(Short web captions)
+++

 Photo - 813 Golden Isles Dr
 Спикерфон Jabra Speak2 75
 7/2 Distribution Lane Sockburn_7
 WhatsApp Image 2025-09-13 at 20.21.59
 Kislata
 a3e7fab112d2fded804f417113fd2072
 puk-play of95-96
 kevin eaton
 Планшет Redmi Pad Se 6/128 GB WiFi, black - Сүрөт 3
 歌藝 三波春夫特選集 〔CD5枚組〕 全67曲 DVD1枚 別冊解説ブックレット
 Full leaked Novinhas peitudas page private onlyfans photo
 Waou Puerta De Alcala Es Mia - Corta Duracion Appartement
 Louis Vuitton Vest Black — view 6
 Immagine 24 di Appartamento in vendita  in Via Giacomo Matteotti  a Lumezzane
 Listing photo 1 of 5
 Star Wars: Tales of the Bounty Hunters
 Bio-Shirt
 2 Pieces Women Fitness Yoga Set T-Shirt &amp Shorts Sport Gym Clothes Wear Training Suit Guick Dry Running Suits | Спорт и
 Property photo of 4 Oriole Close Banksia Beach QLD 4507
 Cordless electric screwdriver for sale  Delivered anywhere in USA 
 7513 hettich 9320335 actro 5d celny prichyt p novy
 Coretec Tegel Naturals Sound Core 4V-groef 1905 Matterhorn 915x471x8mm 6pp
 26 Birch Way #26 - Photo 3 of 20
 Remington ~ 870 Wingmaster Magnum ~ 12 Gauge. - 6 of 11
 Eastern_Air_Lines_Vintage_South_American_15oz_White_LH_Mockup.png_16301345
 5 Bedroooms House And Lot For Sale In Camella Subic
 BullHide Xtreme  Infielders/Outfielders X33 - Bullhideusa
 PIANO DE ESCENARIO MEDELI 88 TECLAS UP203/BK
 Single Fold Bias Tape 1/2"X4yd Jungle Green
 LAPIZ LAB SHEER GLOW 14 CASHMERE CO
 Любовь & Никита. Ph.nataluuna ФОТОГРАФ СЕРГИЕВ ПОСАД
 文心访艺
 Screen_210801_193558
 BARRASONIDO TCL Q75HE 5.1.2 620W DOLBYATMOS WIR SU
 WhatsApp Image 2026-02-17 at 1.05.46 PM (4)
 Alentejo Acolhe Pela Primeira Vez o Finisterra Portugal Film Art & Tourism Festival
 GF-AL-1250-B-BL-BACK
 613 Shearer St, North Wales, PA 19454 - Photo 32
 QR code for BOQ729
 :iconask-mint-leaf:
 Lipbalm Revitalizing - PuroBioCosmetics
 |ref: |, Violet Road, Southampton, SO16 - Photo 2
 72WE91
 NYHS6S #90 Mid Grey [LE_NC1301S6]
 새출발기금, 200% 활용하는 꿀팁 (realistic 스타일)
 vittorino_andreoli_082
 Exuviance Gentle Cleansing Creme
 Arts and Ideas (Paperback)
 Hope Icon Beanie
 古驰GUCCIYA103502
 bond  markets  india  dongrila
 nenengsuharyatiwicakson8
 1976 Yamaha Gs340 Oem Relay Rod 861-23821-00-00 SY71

+++

**What you have to do**.
Transcribe all of the entries without altering anything.

**Task response**.
 Photo - 813 Golden Isles Dr
 Спикерфон Jabra Speak2 75
 7/2 Distribution Lane Sockburn_7
 WhatsApp Image 2025-09-13 at 20.21.59
 Kislata
 a3e7fab112d2fded804f417113fd2072
 puk-play of95-96
 kevin eaton
 Планшет Redmi Pad Se 6/128 GB WiFi, black - Сүрөт 3
 歌藝 三波春夫特選集 〔CD5枚組〕 全67曲 DVD1枚 別冊解説ブックレット
 Full leaked Novinhas peitudas page private onlyfans photo
 Waou Puerta De Alcala Es Mia - Corta Duracion Appartement
 Louis Vuitton Vest Black — view 6
 Immagine 24 di Appartamento in vendita  in Via Giacomo Matteotti  a Lumezzane
 Listing photo 1 of 5
 Star Wars: Tales of the Bounty Hunters
 Bio-Shirt
 2 Pieces Women Fitness Yoga Set T-Shirt &amp Shorts Sport Gym Clothes Wear Training Suit Guick Dry Running Suits | Спорт и
 Property photo of 4 Oriole Close Banksia Beach QLD 4507
 Cordless electric screwdriver for sale  Delivered anywhere in USA 
 7513 hettich 9320335 actro 5d celny prichyt p novy
 Coretec Tegel Naturals Sound Core 4V-groef 1905 Matterhorn 915x471x8mm 6pp
 26 Birch Way #26 - Photo 3 of 20
 Remington ~ 870 Wingmaster Magnum ~ 12 Gauge. - 6 of 11
 Eastern_Air_Lines_Vintage_South_American_15oz_White_LH_Mockup.png_16301345
 5 Bedroooms House And Lot For Sale In Camella Subic
 BullHide Xtreme  Infielders/Outfielders X33 - Bullhideusa
 PIANO DE ESCENARIO MEDELI 88 TECLAS UP203/BK
 Single Fold Bias Tape 1/2"X4yd Jungle Green
 LAPIZ LAB SHEER GLOW 14 CASHMERE CO
 Любовь & Никита. Ph.nataluuna ФОТОГРАФ СЕРГИЕВ ПОСАД
 文心访艺
 Screen_210801_193558
 BARRASONIDO TCL Q75HE 5.1.2 620W DOLBYATMOS WIR SU
 WhatsApp Image 2026-02-17 at 1.05.46 PM (4)
 Alentejo Acolhe Pela Primeira Vez o Finisterra Portugal Film Art & Tourism Festival
 GF-AL-1250-B-BL-BACK
 613 Shearer St, North Wales, PA 19454 - Photo 32
 QR code for BOQ729
 :iconask-mint-leaf:
 Lipbalm Revitalizing - PuroBioCosmetics
 |ref: |, Violet Road, Southampton, SO16 - Photo 2
 72WE91
 NYHS6S #90 Mid Grey [LE_NC1301S6]
 새출발기금, 200% 활용하는 꿀팁 (realistic 스타일)
 vittorino_andreoli_082
 Exuviance Gentle Cleansing Creme
 Arts and Ideas (Paperback)
 Hope Icon Beanie
 古驰GUCCIYA103502
 bond  markets  india  dongrila
 nenengsuharyatiwicakson8
 1976 Yamaha Gs340 Oem Relay Rod 861-23821-00-00 SY71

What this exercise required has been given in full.